More than seven million females in the United States have endometriosis, says the Endometriosis Research Center. It is a key cause of gynecologic surgeries, chronic pelvin discomfort, and infertility.
What Leads To Endometriosis?
Currently, the reason for the occurrence of endometriosis is still not known, but experts propose several possible causes. Studies to date indicate that the condition may be hereditary.
Symptoms
Endometriosis symptoms would often include chronic pain in one’s pelvic area, irregular or labored breathing, pain in the lower back, pain associated with dysmenorrhea, and fatigue. Women can also expect to feel some pain while ovulating or having sexual intercourse, painful bowel movements, and GI tract conditions like diarrhea, constipation, or bloating. In worse cases, endometriosis may result in infertility.
Diagnosis
The only sure method to diagnose endometriosis is through surgery. Other laboratory and diagnostic tests like ultrasound, CAT scans, or MRIs do not normally lead to conclusive results. The doctor would need to look into the symptoms being felt, as well as the patient’s health history. In order to diagnose the problem, the doctor may opt to conduct a laparotomy or a laparoscopy.

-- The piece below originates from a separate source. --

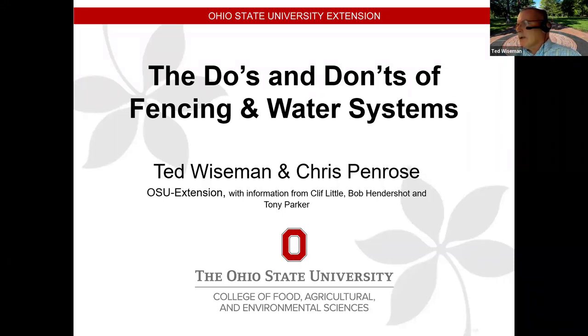Thanks everybody for joining today. I know it's a Zoom marathon. Chris can't be part of this today — he's on another Zoom meeting. I want to acknowledge Cliff Little and Bob Hendershot, and I did steal a slide from Dr. Parker for some of this. I put some of the fencing stuff together and Chris added some stuff from the grazing programs on the water system. I'm going to do this in a tongue-in-cheek manner, so if you don't learn anything, maybe I can put a smile on your face.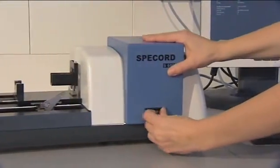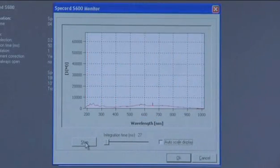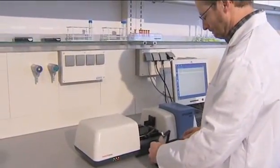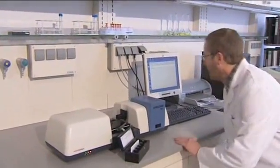Light sources are easily accessible and interchangeable. The combination of deuterium and halogen lamp ensures a high light yield through the complete spectral range of UV to NIR. A self-adjusting photometric linearity and an automatic stray light correction are additional advantages of the Spikort S600.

Endometriosis has no cure yet, but physicians recommend several treatment methods to help a patient manage her symptoms.
Treatment
Methods to manage endometriosis include:
Pain Medication
Medications such as acetaminophen, ibuprofen and aspirin, which are available over-the-counter, are used to decrease discomfort and pain. If no effect is evident, prescription medications could be the next step.
Hormonal Drug Therapy
Hormone drugs can be used to block a patient’s ovulation. The objective here is to prevent further aggravation of the lesions and guard against the onset of other symptoms. These drugs cover GnRH agonists, progesterone drugs, and oral contraceptives. Hormone therapy is used especially for patients who have undergone surgery.
Surgery
Doctors would usually conduct conservative surgical procedures like a laparotomy or a laparoscopy to find out the nature of the disease and to remove unusual growths found. If successful, this will eliminate pain and improve a woman’s chances of getting pregnant.
If a conservative surgical procedure is ineffective, doctors may suggest a hysterectomy or some other invasive surgical method.
Alternative/Natural Therapy
Quite a number of patients choose to go the alternative route of treatments instead of undergoing surgeries and taking medications. Some of the common and more popular natural treatments are acupuncture, Chinese medicaine, and nutrition-based programs like fertility herbs. There exists a considerable amount of studies that support the effectiveness of these natural treatments to do no harm and to awaken the body’s inherent defense mechanisms and healing activity.